** COLLECTED MATERIAL **
----

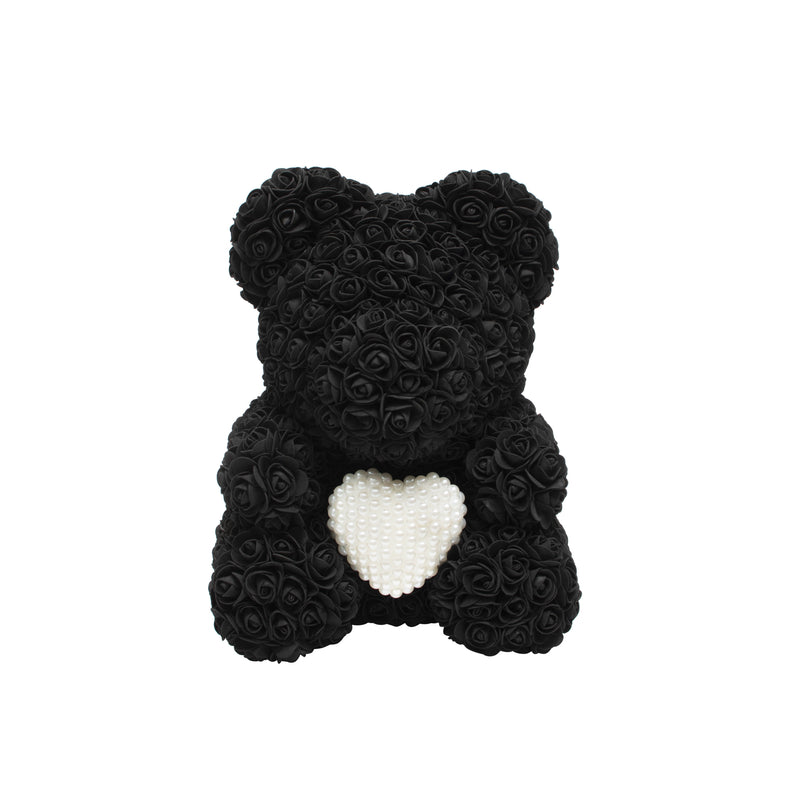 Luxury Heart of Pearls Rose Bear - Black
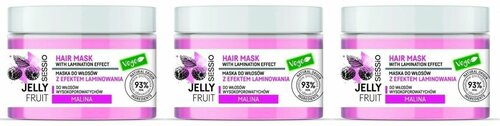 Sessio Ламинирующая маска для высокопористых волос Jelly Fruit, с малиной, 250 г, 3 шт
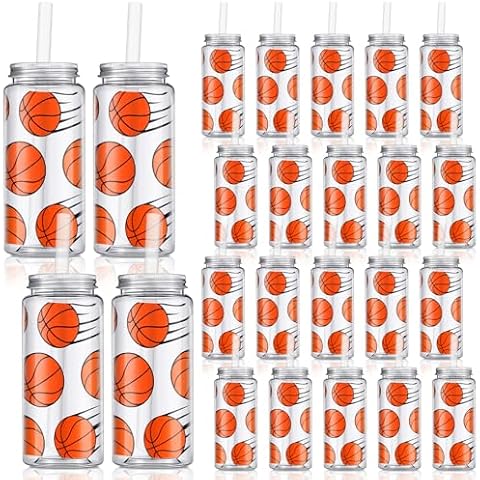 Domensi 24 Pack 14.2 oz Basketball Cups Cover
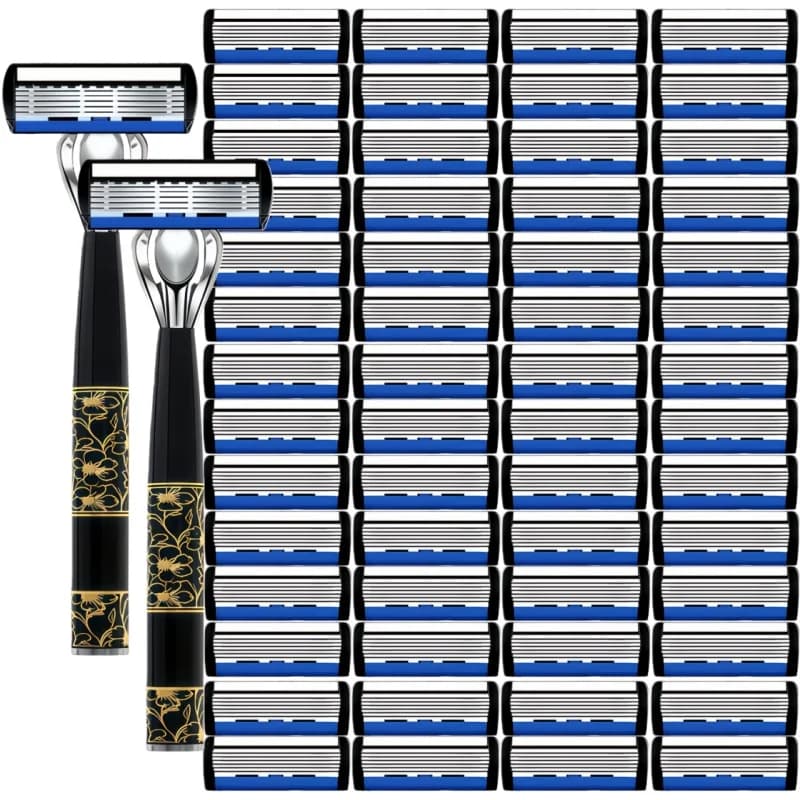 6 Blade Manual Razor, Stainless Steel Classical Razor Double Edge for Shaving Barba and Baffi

----

** PROBLEM STATEMENT **
Starting from the line that has "Sessio Ламинирующая маска" and ending at the last line of the material above, every line should be output exactly; pictures are dropped and nothing else appears.

** TASK SOLUTION **
 Sessio Ламинирующая маска для высокопористых волос Jelly Fruit, с малиной, 250 г, 3 шт
 Domensi 24 Pack 14.2 oz Basketball Cups Cover
 6 Blade Manual Razor, Stainless Steel Classical Razor Double Edge for Shaving Barba and Baffi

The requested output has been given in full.